● **What the task asks**:
The material below is to be copied exactly from the line with "Wine colored top with a hood and pockets." up to and including the line with "A beautiful well-dressed", with nothing else kept and no pictures.

● **Dataset entries**:
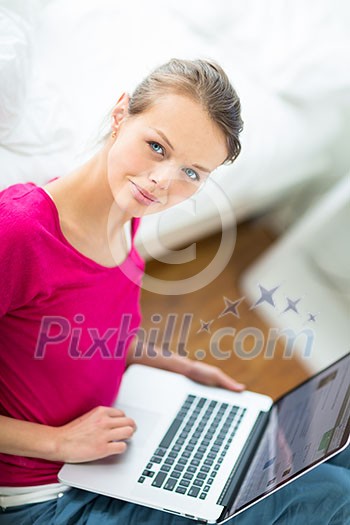 Pretty, young woman working on her laptop computer (shallow DOF; color toned image) Pretty, young woman working on her laptop computer (shallow DOF; color toned image)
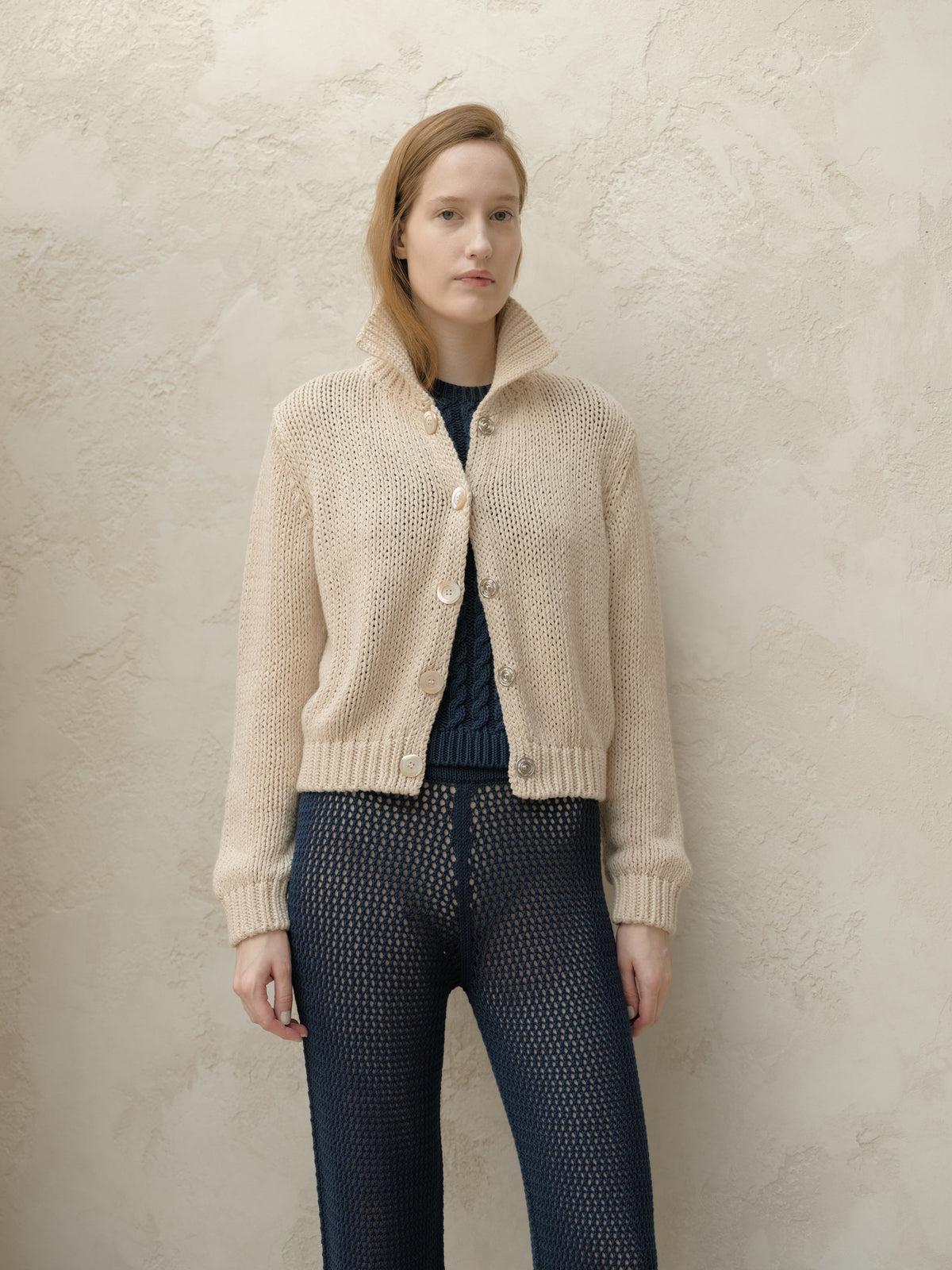 Bomber beige in maglia grossa con grandi bottoni e collo alto indossato frontalmente da una modella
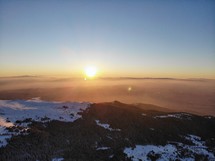 sun rising above snowy mountaintops 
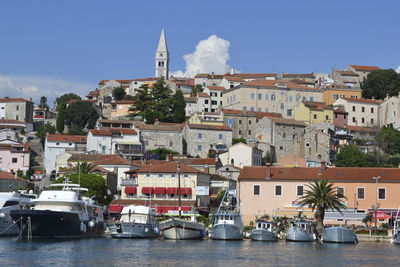 Sailboats in city by sea against sky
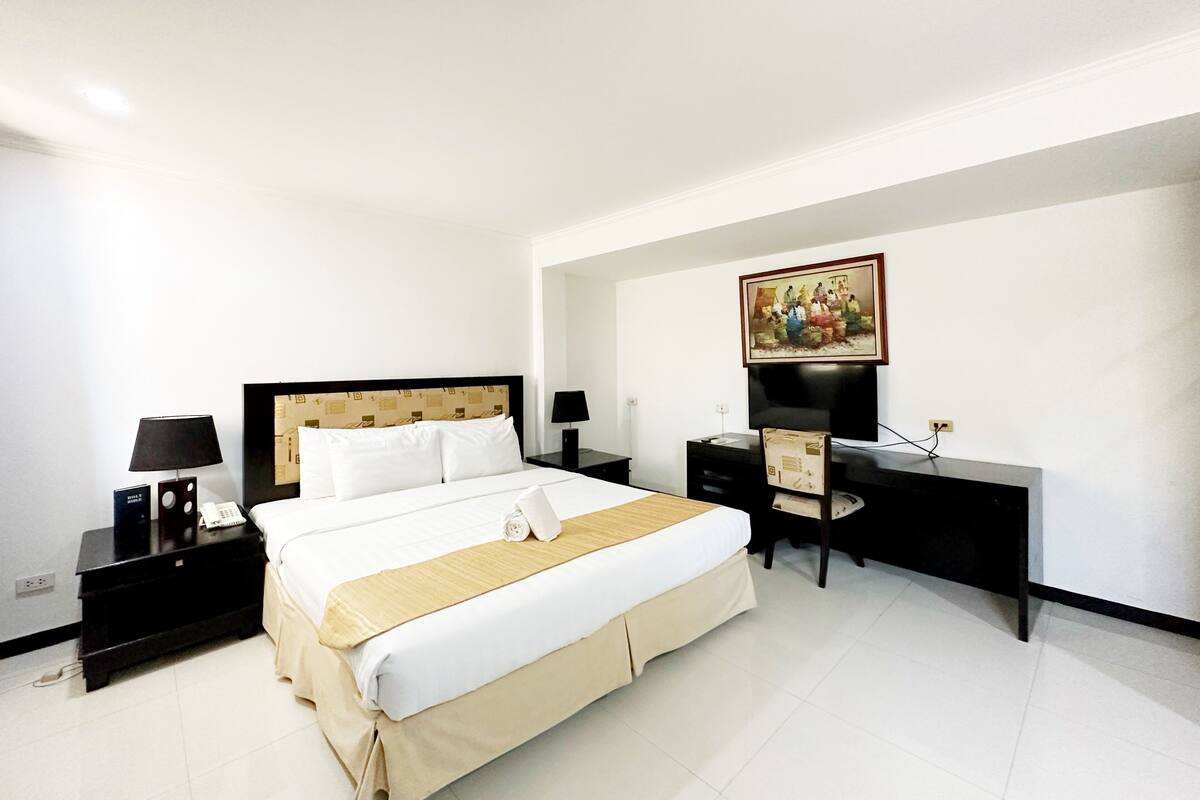 A hotel room with a bed, bedside tables, a desk, and a television.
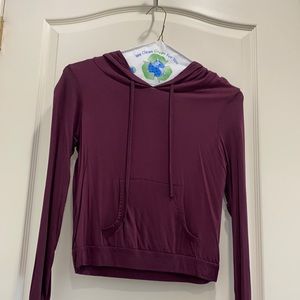 Wine colored top with a hood and pockets.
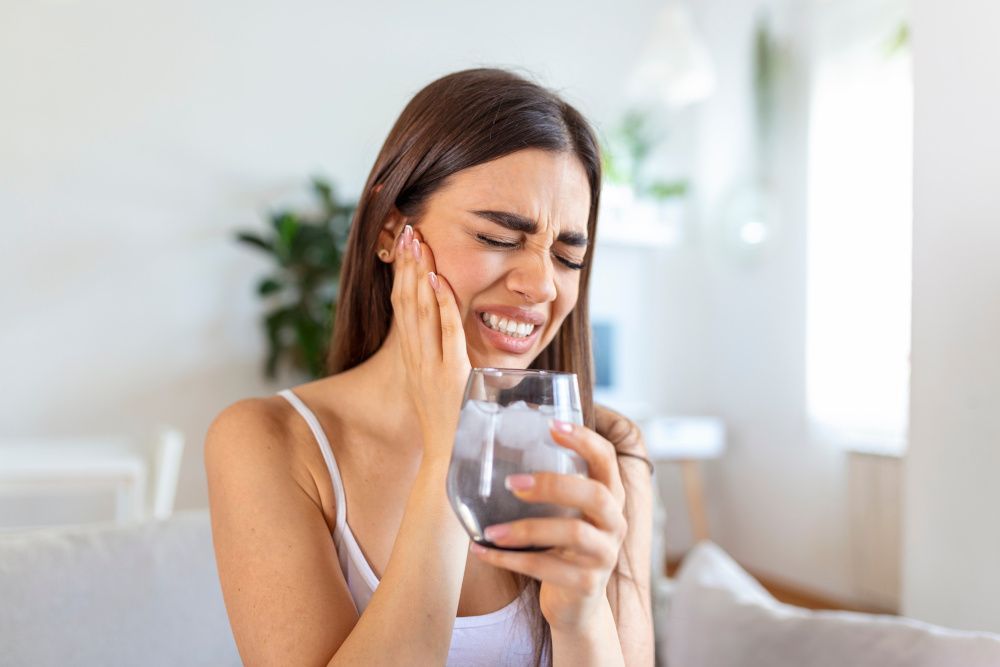 Frau hat Zahnschmerzen beim Trinken von eiskaltem Wasser.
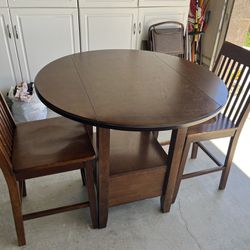 Table & chairs, drop leaf style. 
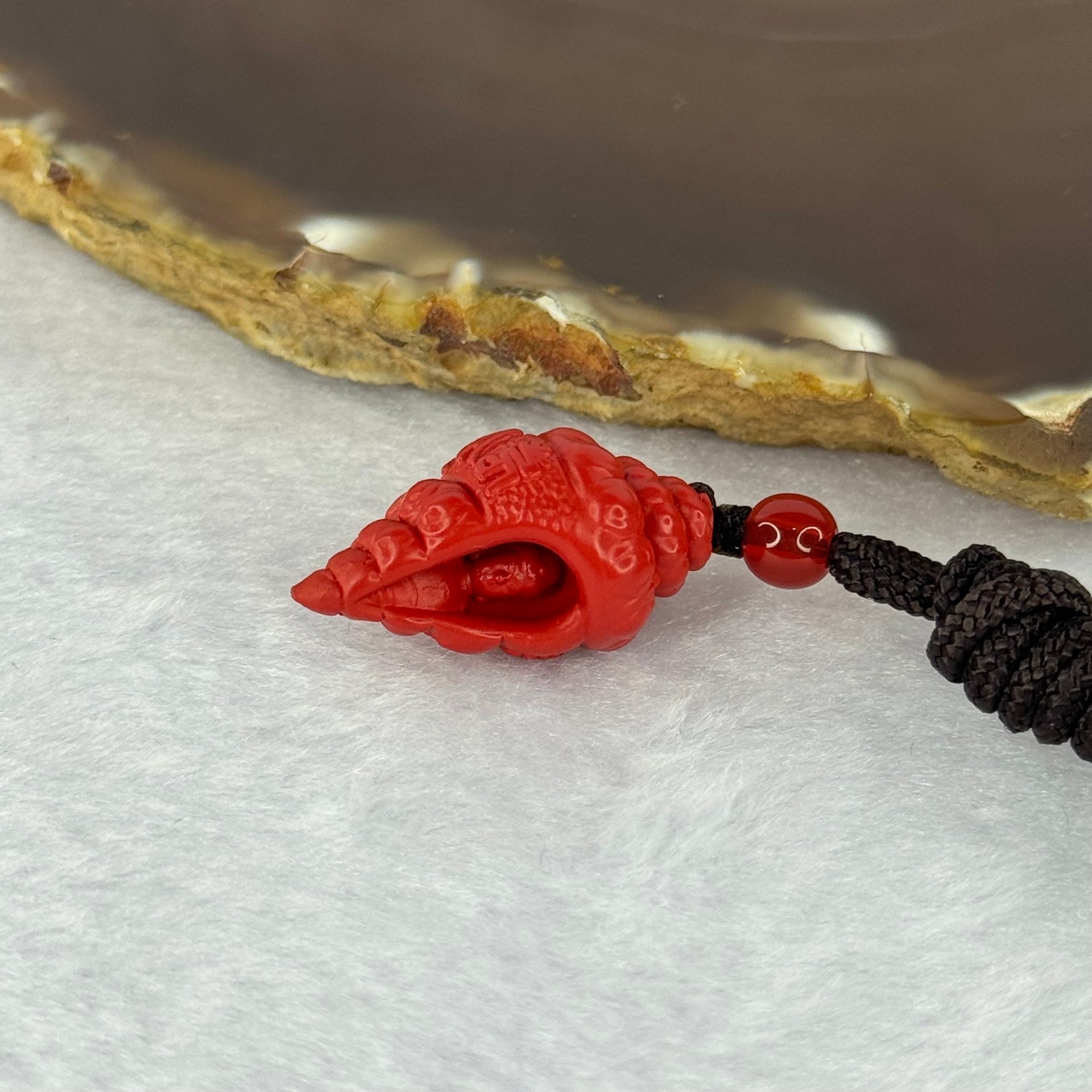 Natural Red Cinnabar Snail Shell with Buddha 7.55g 25.6 by 14.4 by 13.5mm - Huangs Jadeite and Jewelry Pte Ltd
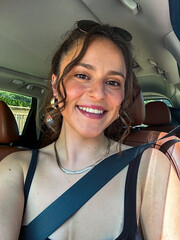 A beautiful well-dressed woman with her hair and make up done takes a selfie in a car during a sunny day.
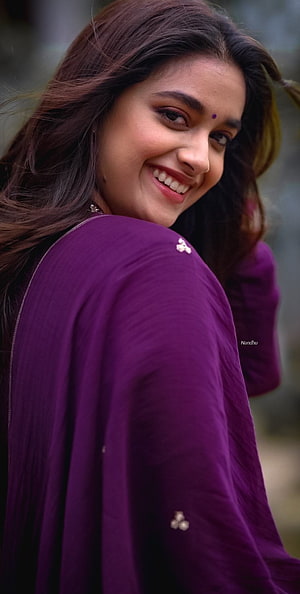 Keerthy Suresh smiling portrait in a purple traditional outfit with long dark hair HD phone wallpaper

● **Solution for this exercise**:
 Wine colored top with a hood and pockets.
 Frau hat Zahnschmerzen beim Trinken von eiskaltem Wasser.
 Table & chairs, drop leaf style. 
 Natural Red Cinnabar Snail Shell with Buddha 7.55g 25.6 by 14.4 by 13.5mm - Huangs Jadeite and Jewelry Pte Ltd
 A beautiful well-dressed woman with her hair and make up done takes a selfie in a car during a sunny day.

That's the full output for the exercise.